··· EXERCISE DATA ···
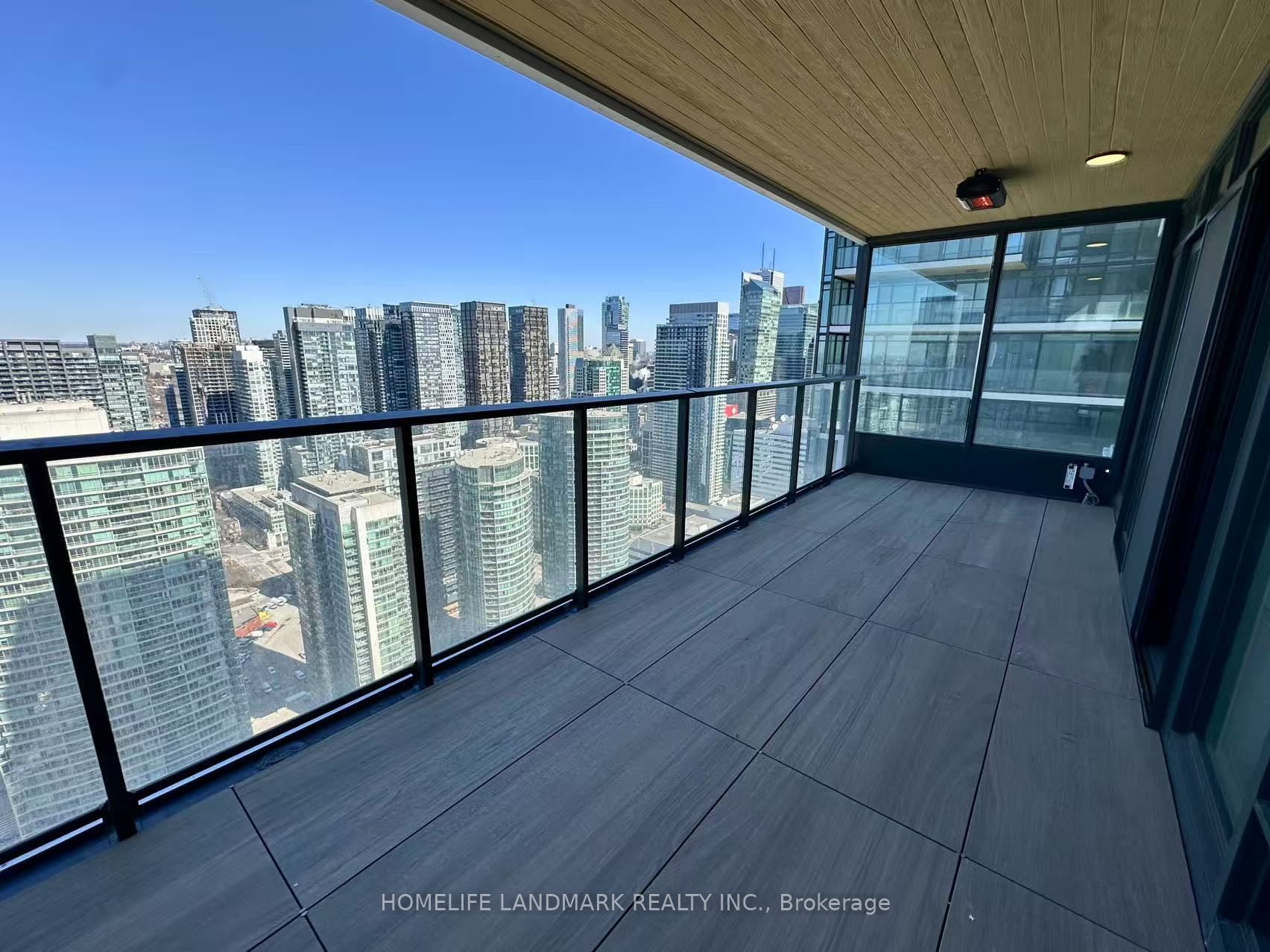 3 Concord CityPlace Way 4605, Toronto, ON M5V 0X4 photo 4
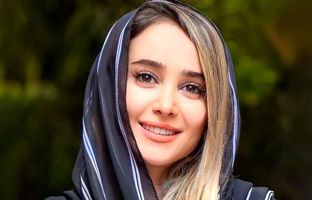 استایل به سبک سلبریتی‌ها؛ استایل دخترانه با وست بهاری به سبک الناز حبیبی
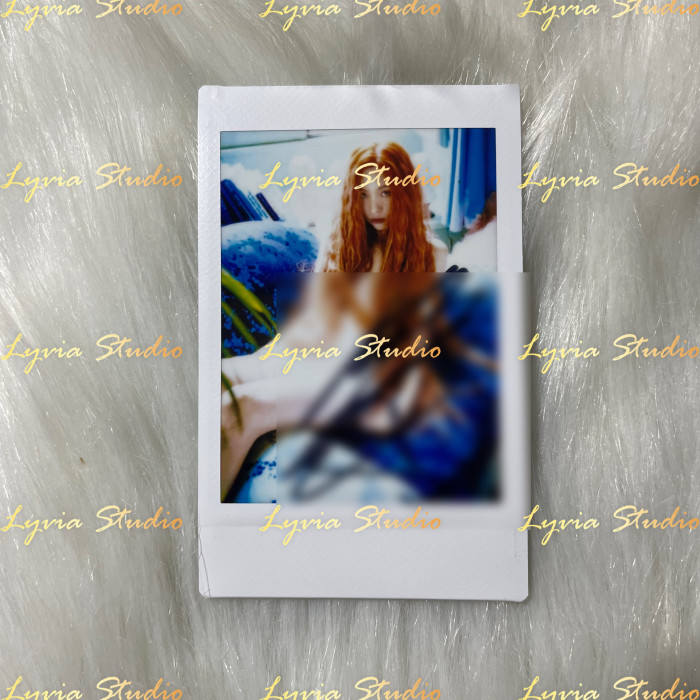 SUNMI 2022 Concert Tour Official MD Signed Photocard and Signed Polaroid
···
§ WORK TASK
Retype each line above exactly. Leave the images out.

§ REPLY TO THE TASK
 3 Concord CityPlace Way 4605, Toronto, ON M5V 0X4 photo 4
 استایل به سبک سلبریتی‌ها؛ استایل دخترانه با وست بهاری به سبک الناز حبیبی
 SUNMI 2022 Concert Tour Official MD Signed Photocard and Signed Polaroid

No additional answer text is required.